WORK TO BE COMPLETED
Transcribe every line from the one containing "Mr Gasket 9786BMRG" to the end of the listing, exactly as written, and leave out the pictures.

EXTRACTED MATERIAL

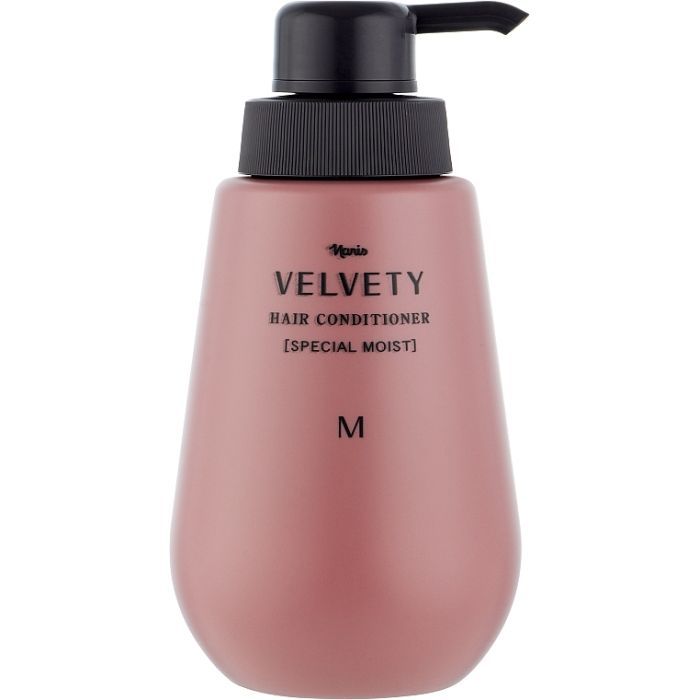 Кондиціонер для волосся Naris Cosmetics Velvety M 400 мл (4955814279653)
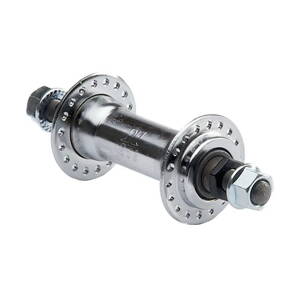 Joytech náboj 433 oska 3/8x100x140mm 28 dier
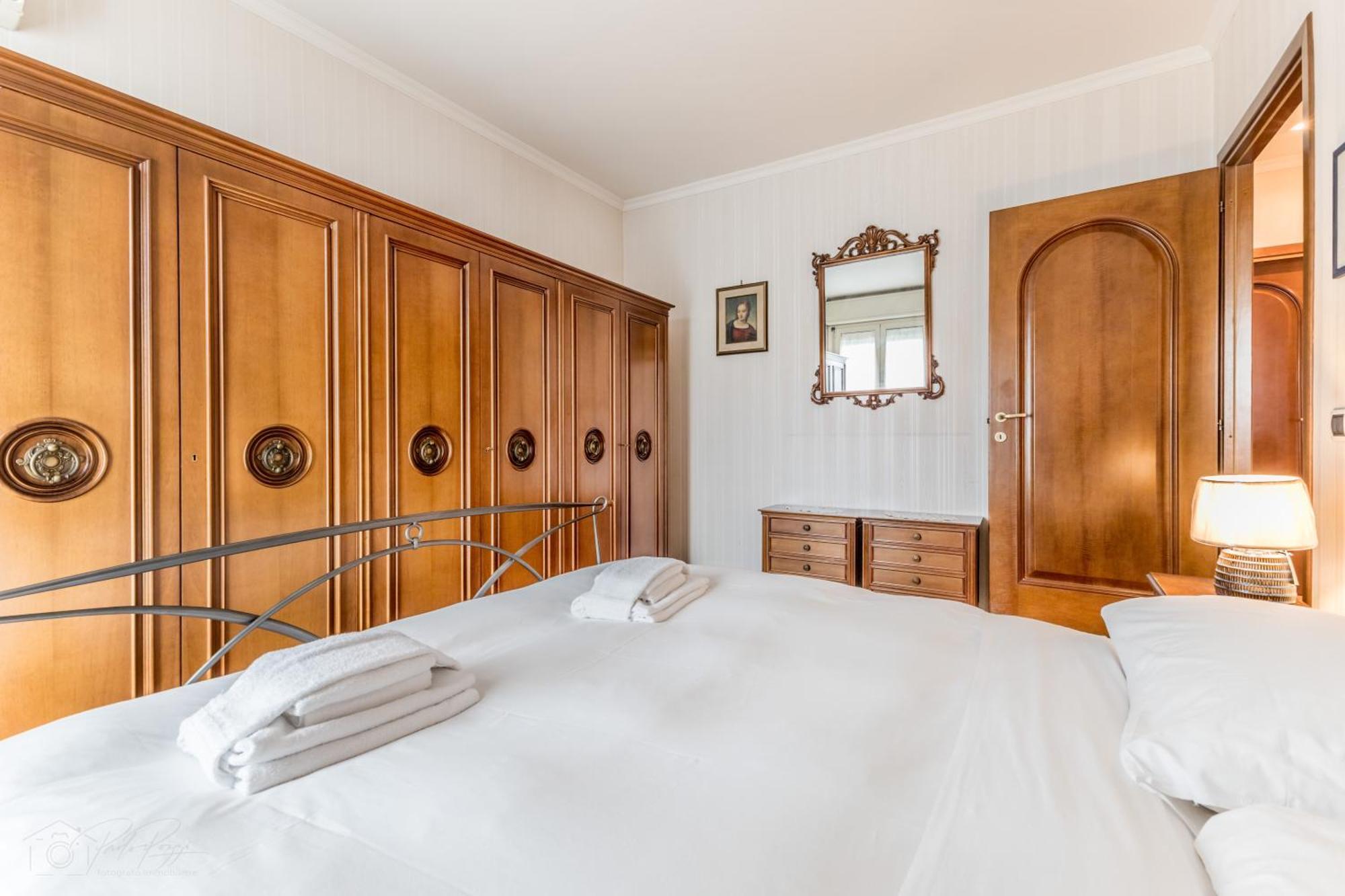 Appartement Granai , Rifugio Romantico Nel Cuore Di *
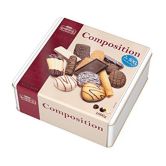 Bánh Lambertz Composition 900g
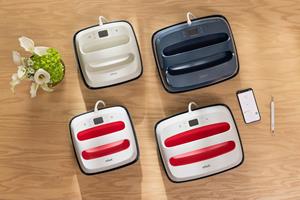 Cricut® Launches Latest Machines in EasyPress® Family: Introducing Cricut EasyPress® SE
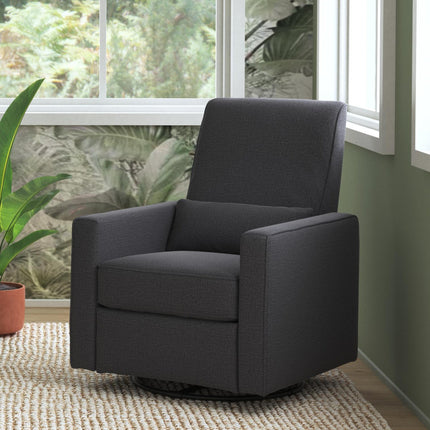 Piper Recliner and Swivel Glider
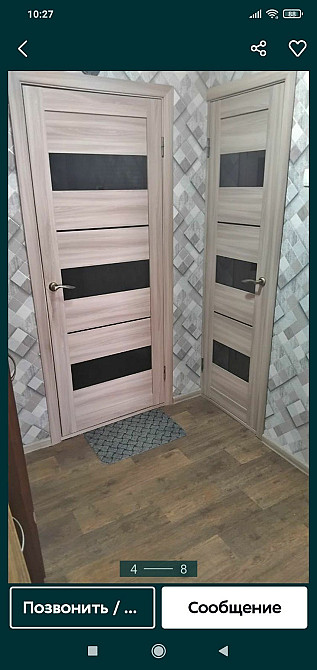 1- ком ж/м Красный Камень Днепр - изображение 6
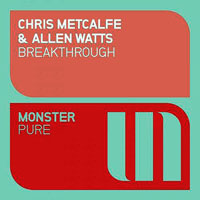 Chris Metcalfe - Chris Metcalfe & Allen Watts - Breakthrough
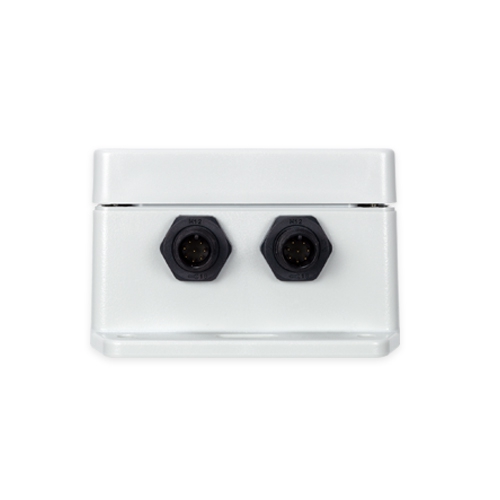 IP67 Outdoor Solar LoRa Node Controller 3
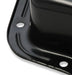 Mr Gasket 9786BMRG Automatic Transmission Oil Pan - Truck Part Superstore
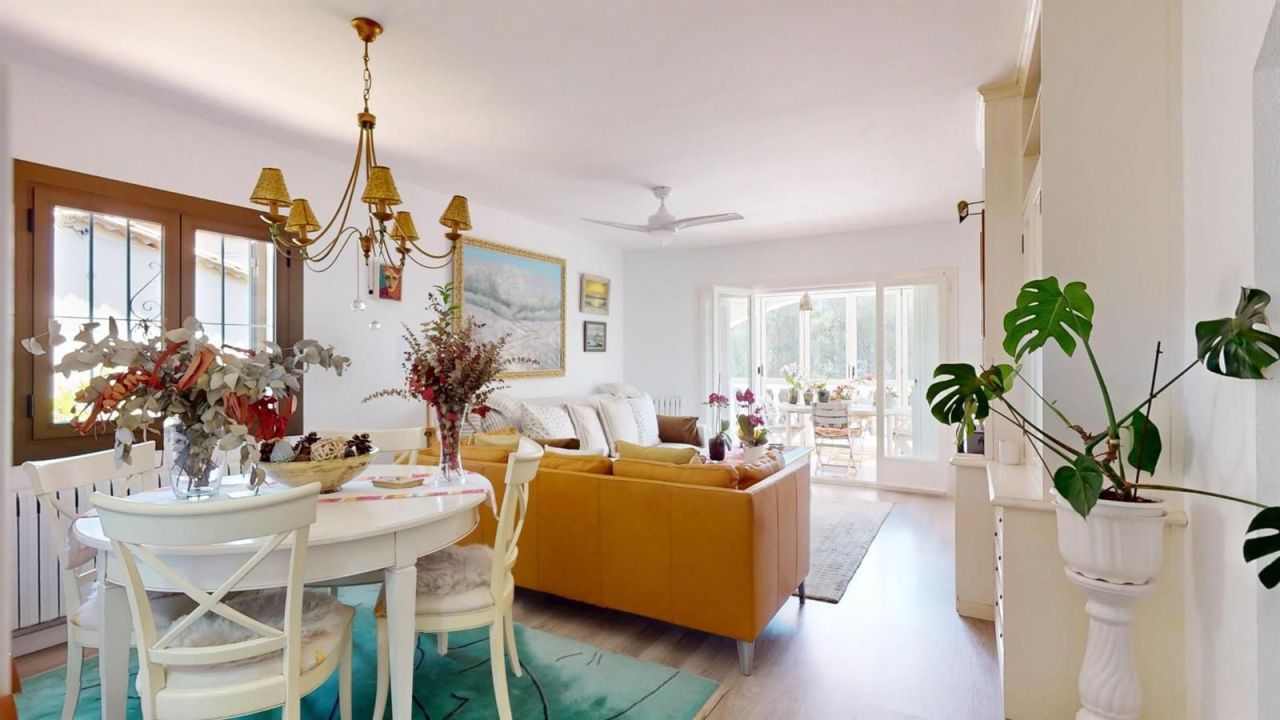 Квартира в Калонже, Испания, 220 м² - фото 7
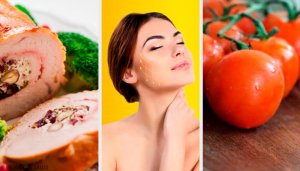 4 продукти, які сприяють виробництву колагену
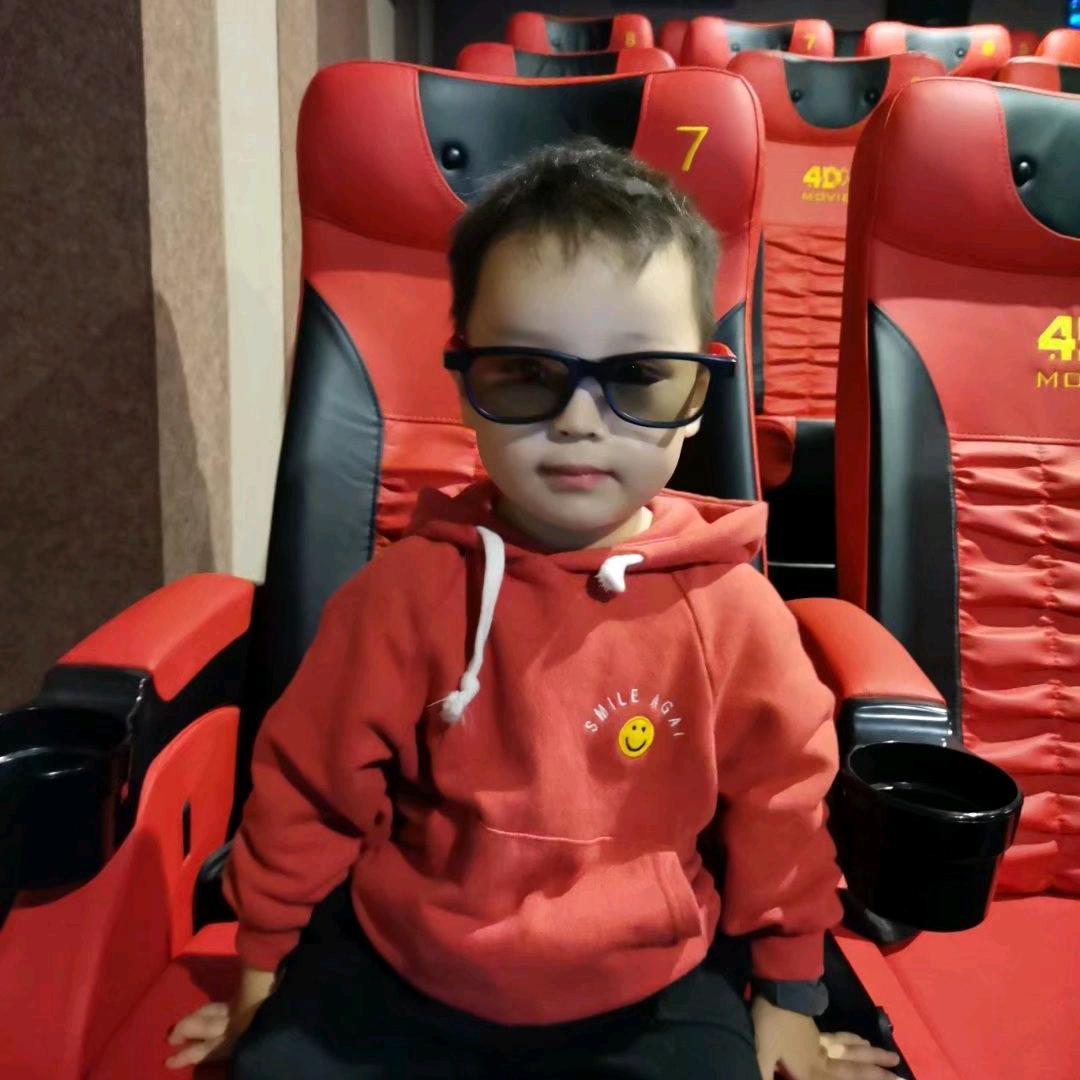 小六子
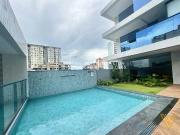 Apartamento para Venda em Belém/PA Batista Campos 3 Quartos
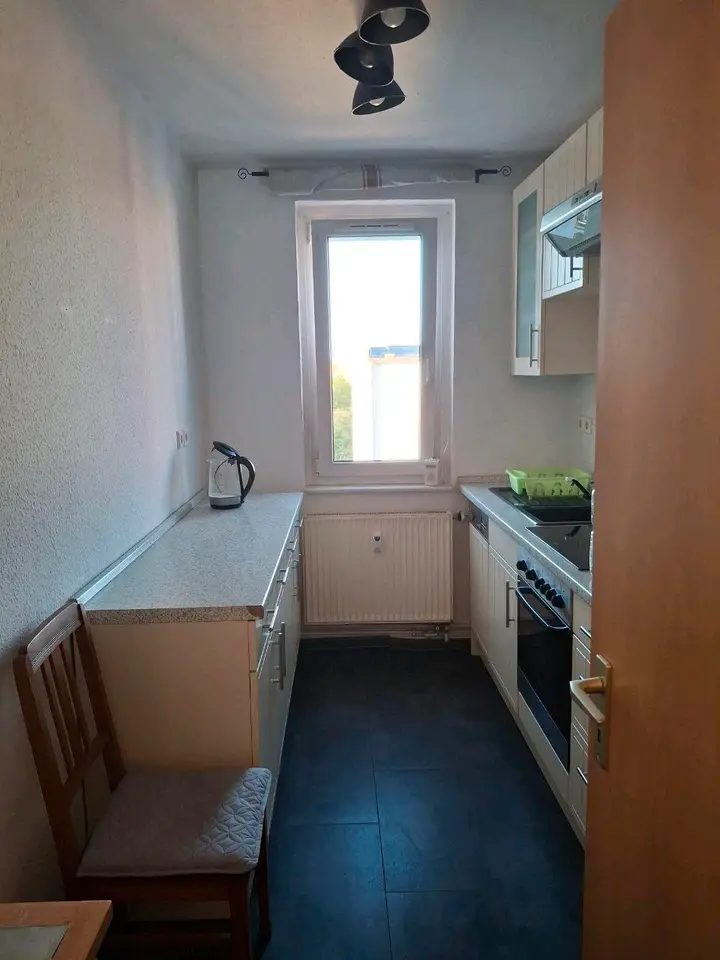 3 Zimmer Wohnung mit 61 m² in Cottbus – Bild 3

SOLUTION TO THE PROBLEM
 Mr Gasket 9786BMRG Automatic Transmission Oil Pan - Truck Part Superstore
 Квартира в Калонже, Испания, 220 м² - фото 7
 4 продукти, які сприяють виробництву колагену
 小六子
 Apartamento para Venda em Belém/PA Batista Campos 3 Quartos
 3 Zimmer Wohnung mit 61 m² in Cottbus – Bild 3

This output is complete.